Annett, du hast geschrieben "Nach 4 Jahren in grün". Unser Teich ist seid diesem Jahr auch plötzlich grün geworden, also ich meine das Wasser.

Er ist auch bischen trüber dadurch geworden. 
Die aktuellen Wasserwerte sind okay (PH 7,4  KH 6  GH 6  No3 0  No2 0) und den Fischen gehts auch prima. 
Also denk ich mal ist nitt so schlimm das das Wasser nun grün ist, richtig ?


----------



## Annett (7. Aug. 2007)

*AW: Wasser wird braun*

Hallo Rüdiger,

wenn das Wasser grün wird und dann auch bleibt, kommen irgendwie mehr Nährstoffe ins Wasser hinein, als Du durch Filterung und zurückschneiden von Pflanzen heraus holst.
Die gelösten Nährstoffe, von denen sich die Algen ernähren und vermehren können vers. Ursachen haben.
Beispielsweise:
-eine nicht mehr korrekt sitzende Kapillarsperre, sodass Erde in den Teich gespült werden kann (bei mir haben die Ameisen sie direkt über die senkrechte Folie getragen )
-eine zu dicke Mulmschicht, die von gründelnden Fischen aufgewirbelt wird und damit wieder die Nährstoffe frei gibt
-eine zu starke Pflanzenausdünnung in älteren Teichen
-Überbesatz und damit zu starke Fütterung (je größer die Fische mit der Zeit werden, desto mehr Futter wird reingeworfen - irgendwann schaffen das Pflanzen+Filterung einfach nicht mehr)
-irgendwas hab ich bestimmt vergessen 

Bei mir waren lange Zeit zu wenig Pflanzen im Teich. Zusätzlich wuchsen sie mehr schlecht als recht und die Vermehrung hielt sich auch in Grenzen. 
Nur die Goldis waren wie die Karnickel und wurden im ersten Jahr auch noch gut gefüttert. :crazy: 
Jetzt ist die Fütterung seit 2-3Jahren bei Null, die Pflanzen wurden immer mehr und auch ihr Wachstum. Ich entferne alle paar Wochen verwelkte Pflanzenteile (vor allem von meinem Seerosenmonster) aus dem Teich und habe seit dem Frühsommer auch einiges an Unterwasserpflanzen, welche sich endlich etablieren. In den letzten 2 Jahren habe ich zwischen 200 und 300 Junggoldis abgefischt und anderweitig untergebracht.
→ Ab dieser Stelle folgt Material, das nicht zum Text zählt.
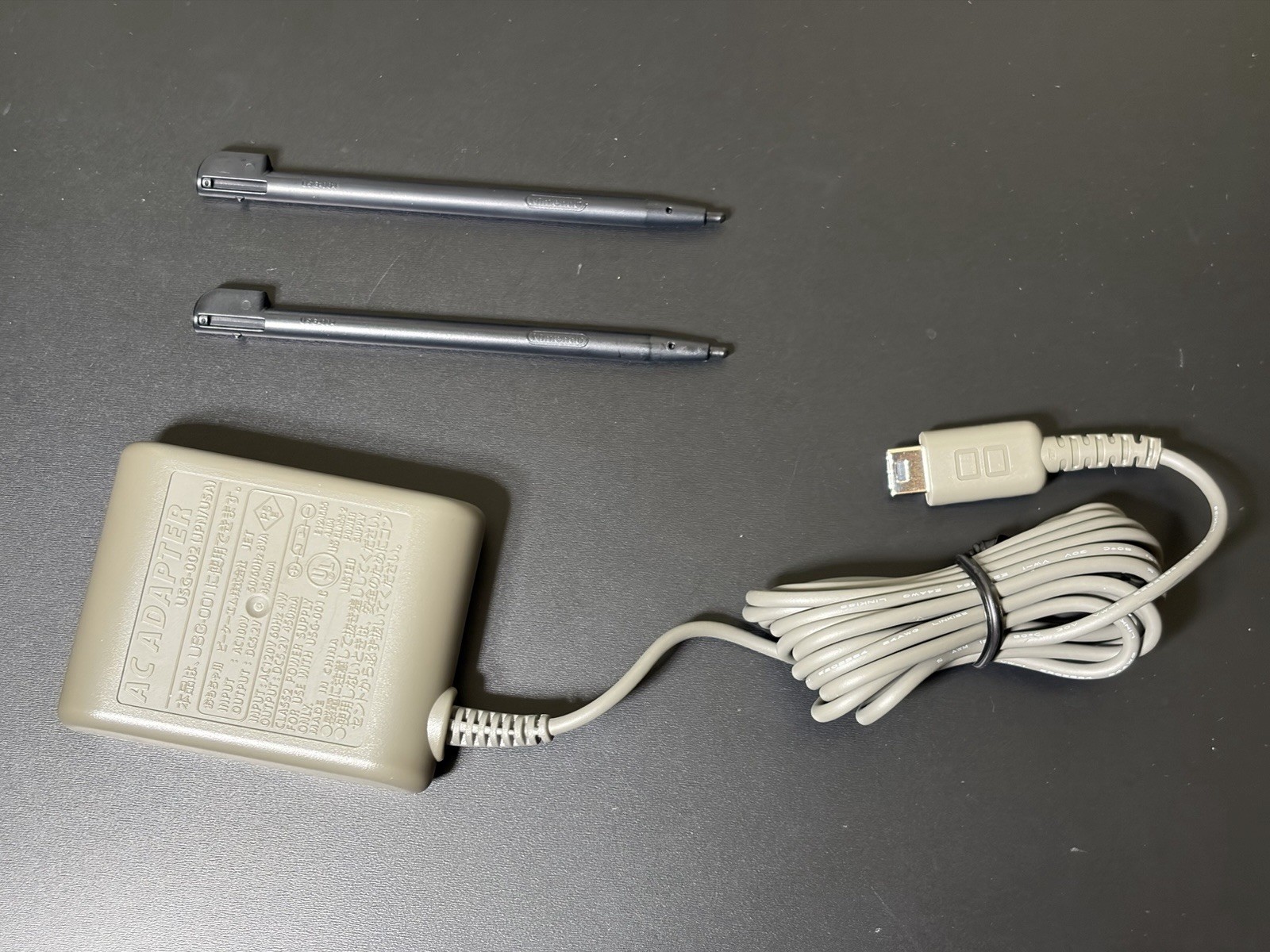 Nintendo DS Lite Handheld Game Console Onyx Black Complete Near Mint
Alles in allem - das System stabilisiert sich allmählich!  
Natürlich ging es den Fischen im grünen Wasser nicht schlechter - nur konnte man sie nie sehen und hatte absolut keinen Überblick mehr über den Bestand. 
Der Sonnenbarsch hat den Nachwuchs wahrs. auch nur schlecht gefunden...
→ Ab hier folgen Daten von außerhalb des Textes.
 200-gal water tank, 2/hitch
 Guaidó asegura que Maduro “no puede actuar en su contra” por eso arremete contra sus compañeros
Vielleicht zeigts Du mal ein Bild vom grünen Teich. 
Wobei es hier eher um braunes Wasser geht. Und das könnte zumindest bei Babsis Teich auch von den gekillten Algen kommen... die sind evtl. zu klein, um vom Filter herausgeholt zu werden.
Irgendwann gehen sie wieder in Lösung und das Wasser wird wieder grün - ein toller Kreislauf, der nur einem nützt. Dem Handel!


----------



## MeneMeiner (7. Aug. 2007)

*AW: Wasser wird braun*

Hallo,



			
				BabsiL schrieb:
			
		

> ... GH=2; KH=7...



also solche Werte sind zwar (messtechnisch?!?) möglich, aber sehr schwer zu erreichen. Ich bitte um Korrektur bzw. Nachmessung. Es müsste / sollte eher andersherum sein.

Sind die Messstreifen evtl. abgelaufen? Mit welchem Wasser gleichst du die Verdunstung aus? Wie sind dessen Werte?

Und bloß kein Aktionismus!

Gruß
Thomas


----------



## Frank_E (7. Aug. 2007)

*AW: Wasser wird braun*



			
				BabsiL schrieb:
			
		

> Hallo,
> ich habe meinen Teich nun seid einem Jahr. Kurz nach dem Anlegen des Teiches hatte ich das "grünes Wasser" Problem, was sich aber von allein gelegt hat. Nachdem die Schwebealgen abgestorben waren sanken sie zu Boden und das Wasser war wieder klar.
> 
> Ab ca. Mai hatte ich dann Fadenalgen im Teich, allerdings noch nicht sooo viele. Nun wird das Wasser aber immer trüber und brauner (Schwebeteilchen), fast schon zur Brühe   Was kann ich tun???
> ...


Moin Babsi!

Ich vermute mal aus der Ferne, dass du reichlich Schlamm auf dem Grund hast. Und da deine Pfleglinge gerne darin rumwühlen, ist der Teich nunmal trübbraun. Dieser Schlamm riecht wirklich zum . So wie der, der in deinen Filter gelang. Der Schlamm sollte raus, da hilft aber keine Hexerei und keine Chemie.
Was hast du als Bodengrund? Folie pur oder Kies. Beides ist nicht wirklich gut.

Gruß
Frank


----------



## Relaxi (8. Aug. 2007)

*AW: Wasser wird braun*

Hallo Annett

Danke Dir, nu bin ich schlauer :-D

Das grüne Wasser hat bei mir auch, wie du geschrieben hast, den Nachteil das man die Fische schlechter sieht. Aber da die Werte okay sind und es den Fischen prima geht, kein Grund zur Sorge.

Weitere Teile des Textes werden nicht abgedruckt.